The U.S. government has announced it will raise the global tariff from 10% to 15% this week.
This may sound like a sudden tax hike, but it's actually a carefully planned temporary step. The administration calls this a five-month 'bridge tariff', designed to span the gap between an old policy that was struck down and a new one that is still being developed. The ultimate goal is to replace this broad tariff with more durable, targeted measures in about five months.
So, why was this necessary? The story begins with a Supreme Court ruling on February 20, 2026. First, the Court invalidated the legal authority the administration had been using to impose tariffs. This forced an immediate policy shift. Second, to avoid a policy vacuum, the government quickly implemented a temporary 10% global tariff on February 24, using a different law, Section 122 of the Trade Act, which allows for measures lasting up to 150 days. Third, following hints from top officials, the administration is now raising that rate to 15% to maintain pressure while it works on a long-term solution.

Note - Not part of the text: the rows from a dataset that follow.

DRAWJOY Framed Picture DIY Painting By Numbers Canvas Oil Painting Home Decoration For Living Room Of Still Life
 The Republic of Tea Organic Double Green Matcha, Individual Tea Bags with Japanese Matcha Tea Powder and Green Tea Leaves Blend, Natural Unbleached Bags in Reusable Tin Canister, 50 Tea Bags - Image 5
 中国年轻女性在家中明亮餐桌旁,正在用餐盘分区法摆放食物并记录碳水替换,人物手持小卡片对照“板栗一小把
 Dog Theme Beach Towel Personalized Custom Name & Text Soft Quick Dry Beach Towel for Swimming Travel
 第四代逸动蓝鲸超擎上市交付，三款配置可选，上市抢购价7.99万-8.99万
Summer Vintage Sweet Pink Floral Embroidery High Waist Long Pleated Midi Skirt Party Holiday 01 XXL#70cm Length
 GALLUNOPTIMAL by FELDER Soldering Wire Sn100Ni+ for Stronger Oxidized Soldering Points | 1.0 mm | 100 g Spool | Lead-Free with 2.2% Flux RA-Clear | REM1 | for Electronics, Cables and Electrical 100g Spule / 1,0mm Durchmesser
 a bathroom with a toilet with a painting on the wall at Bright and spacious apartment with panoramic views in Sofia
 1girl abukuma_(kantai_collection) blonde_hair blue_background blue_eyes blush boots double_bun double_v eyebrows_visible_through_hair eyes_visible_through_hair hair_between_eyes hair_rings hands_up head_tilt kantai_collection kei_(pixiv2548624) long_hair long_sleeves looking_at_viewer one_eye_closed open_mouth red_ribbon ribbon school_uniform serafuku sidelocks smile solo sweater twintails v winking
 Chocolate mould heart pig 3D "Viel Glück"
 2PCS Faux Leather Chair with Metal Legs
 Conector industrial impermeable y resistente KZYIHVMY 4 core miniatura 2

This 150-day window, which ends around July 24, 2026, is crucial. During this time, the government will conduct new investigations under different trade laws—specifically Section 301 (addressing unfair trade) and Section 232 (concerning national security). The findings from these studies will form the legal basis for the new, targeted tariffs that will replace the temporary 15% rate.
Markets have reacted as you might expect. Tariff-sensitive sectors like auto manufacturers and retailers saw their stock prices fall, as investors priced in the short-term economic impact of a higher tariff. This move signals a clear pivot in U.S. trade policy from broad emergency actions to more focused, legally grounded measures.
- Section 301/232: U.S. trade laws that allow the president to impose tariffs in cases of unfair trade practices (301) or threats to national security (232).
- Bridge Tariff: A temporary tariff put in place to span a gap, in this case, between an invalidated policy and a new, legally durable one.
- IEEPA (International Emergency Economic Powers Act): A U.S. law granting the president broad authority to regulate commerce after declaring a national emergency, which the Supreme Court recently ruled could not be used for the prior tariffs.